L’homme ici-bas ressemble à l’aveugle Ossian, assis sur les tombeaux des rois de Morven : quelque part qu’il étende sa main dans l’ombre, il touche les cendres de ses pères.

Lorsque les navigateurs pénétrèrent pour la première fois dans l’océan Pacifique, ils virent se dérouler au loin des flots que caressent éternellement des brises embaumées. Bientôt du sein de l’immensité s’élevèrent des îles inconnues. Des bosquets de palmiers, mêlés à de grands arbres, qu’on eût pris pour de hautes fougères, couvraient les côtes, et descendaient jusqu’au bord de la mer en amphithéâtre : les cimes bleues des montagnes couronnaient majestueusement ces forêts. Ces îles, environnées d’un cercle de coraux, semblaient se balancer comme des vaisseaux à l’ancre dans un port, au milieu des eaux les plus tranquilles : l’ingénieuse antiquité aurait cru que Vénus avait noué sa ceinture autour de ces nouvelles Cythères pour les défendre des orages.

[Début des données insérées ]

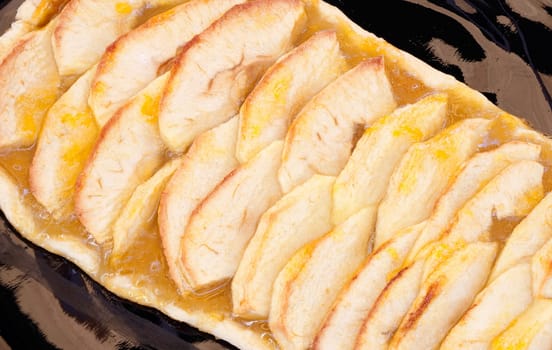 Delicious apple pie on a black plate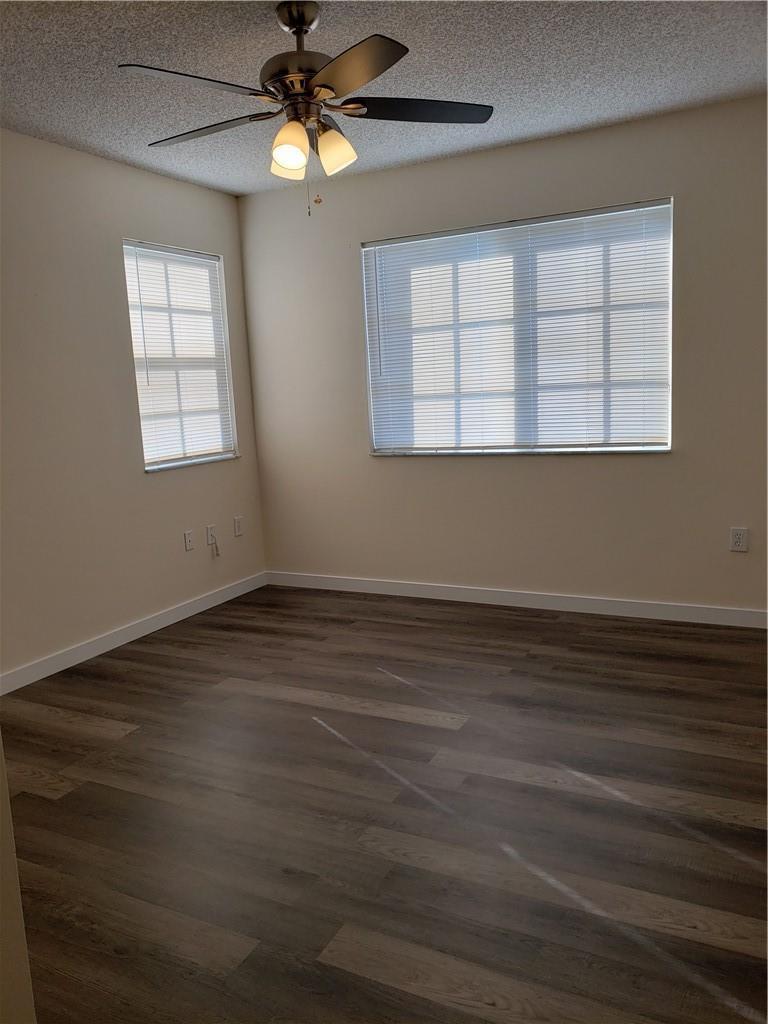 7930 North Nob Hill Road, Unit 3305 Tamarac, FL 33321 - Photo 10 of 28 a view of an empty room with wooden floor and a window
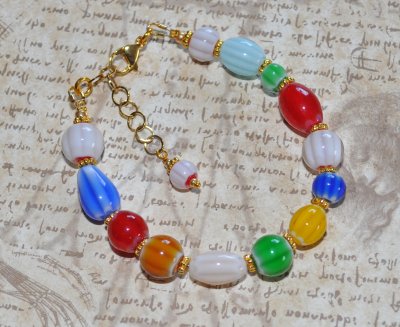 Handgjort färgglatt armband med millefiori-glaspärlor i regnbågens färger och gyllene prästkrage-detaljer. Armbandet har justerb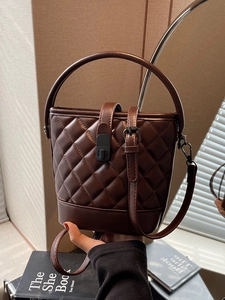 Quilted dark brown leather bucket bag with top handle and crossbody strap displayed in hand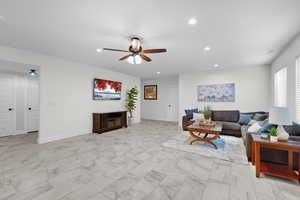 Living area with recessed lighting, a ceiling fan, and light marble finish floors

Sous ces ombrages ignorés, la nature avait placé un peuple beau comme le ciel qui l’avait vu naître : les Otaïtiens portaient pour vêtements une draperie d’écorce de figuier ; ils habitaient sous des toits de feuilles de mûrier, soutenus par des piliers de bois odorants, et ils faisaient voler sur les ondes de doubles canots aux voiles de jonc, aux banderoles de fleurs et de plumes. Il y avait des danses et des sociétés consacrées aux plaisirs ; les chansons et les drames de l’amour n’étaient point inconnus sur ces bords. Tout s’y ressentait de la mollesse de la vie, et un jour plein de calme, et une nuit dont rien ne troublait le silence. Se coucher près des ruisseaux, disputer de paresse avec leurs ondes, marcher avec des chapeaux et des manteaux de feuillages, c’était toute l’existence des tranquilles sauvages d’Otaïti. Les soins qui chez les autres hommes occupent leurs pénibles journées étaient ignorés de ces insulaires ; en errant à travers les bois, ils trouvaient le lait et le pain suspendus aux branches des arbres.